By Kristin Rover
Officials with the United States Department of Agriculture Animal and Plant Health Inspection Service announced plans to begin high-risk host tree removals in the East Fork Wildlife Area Sept. 16 as part of the Asian Longhorned Beetle Eradication program.
The Ohio Department of Agriculture, Ohio Department of Natural Resources and the U.S. Army Corps of Engineers announced their support of the program and the removals in the East Fork Wildlife Area the same day.
According to Dr. Phillip Baldauf, Asian longhorned beetle project manager for the United States Department of Agriculture, the wildlife area includes 2,705 acres of land that is not a part of the 4,870 acre East Fork State Park.
The high-risk host tree removals will be completed on 55 acres of the 2,705 acre wildlife area and will include approximately 7,200 high-risk host trees, Baldauf said.
“High-risk host trees in close proximity to infested trees have a high-risk of being infested,” Baldauf said. “We feel that high-risk host tree removal is and effective way to eradicate the Asian longhorned beetle.”
Baldauf said survey efforts are unfortunately never 100 percent accurate, and chemical treatments are not always effective.
“If you remove a tree it’s gone,” Baldauf said. “And it won’t be back to be infested or re-infested.”
Baldauf said they have not yet found an infested tree in the East Fork Wildlife Area or East Fork State Park.
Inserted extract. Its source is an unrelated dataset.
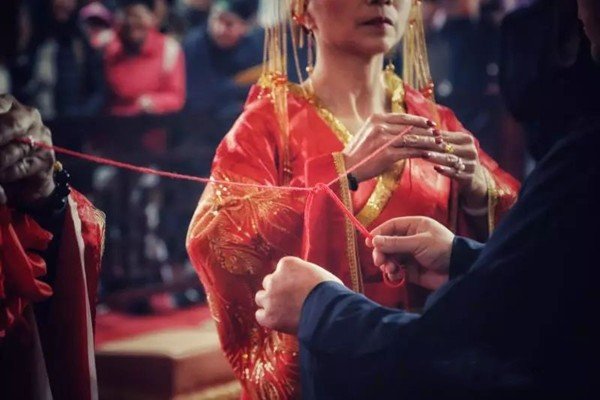 牵的拼音和词语部首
However, infestations have occurred on properties just outside of the wildlife area near the 55 acres they have selected for high-risk host tree removal.
Baldauf said the area where removals will take place is near portions of Sugar Tree Creek and Poplar Creek, located southeast of Woodruff Road and north of state Route 125.
Baldauf said that by moving forward with high-risk host tree removal in the wildlife area, they are hoping to prevent any infestations in the East Fork area.
“That’s really why we are doing this,” Baldauf said. “Is to prevent the park from being infested.”
Baldauf said when it comes to high-risk host tree removals, they are removing Asian longhorned beetle host trees and leaving trees that are not a host to the beetle.
Baldauf said host trees include maples, buckeyes, elms, poplars, ash trees and more. He said trees that are not hosts include oak trees, hickory trees, and more.
Brett Beatty, wildlife management supervisor for the Ohio Department of Natural Resources, said there may be some advantages that come from the tree removals in addition to preventing the spread of the beetle.
“I think there are going to be some pluses to this,” Beatty said.
Beatty said the host tree removals will enable the non-host trees including oak and hickory trees and other nut-producing trees, to grow in the area.
He said the environment after the trees are removed will also host a number of specific animals and plants including insects and animals that feed off of young vegetation.
“There is a whole host of species that can utilize early habitats,” Beatty said.
Baldauf said they have begun clearing an area for their equipment within the 55 acres where they will be removing host trees.
Baldauf said contractors, who are required to pass a species identification test, will identify the host species and remove them from the area.
He said if weather conditions are ideal, they expect to be finished with host tree removals in the East Fork Wildlife Area in about three months.
In addition to high-risk host tree removals, surveys and infested tree removals continue in the Clermont County area. Chemical treatments on high-risk host trees were completed earlier this summer.
The invasive insect was found in Tate Township in June of 2011.
Currently, the Ohio Asian longhorned beetle eradication program has surveyed more than 650,000 trees, has found 10,195 infested trees, and has removed 9,952 infested trees and 8,912 high-risk host trees.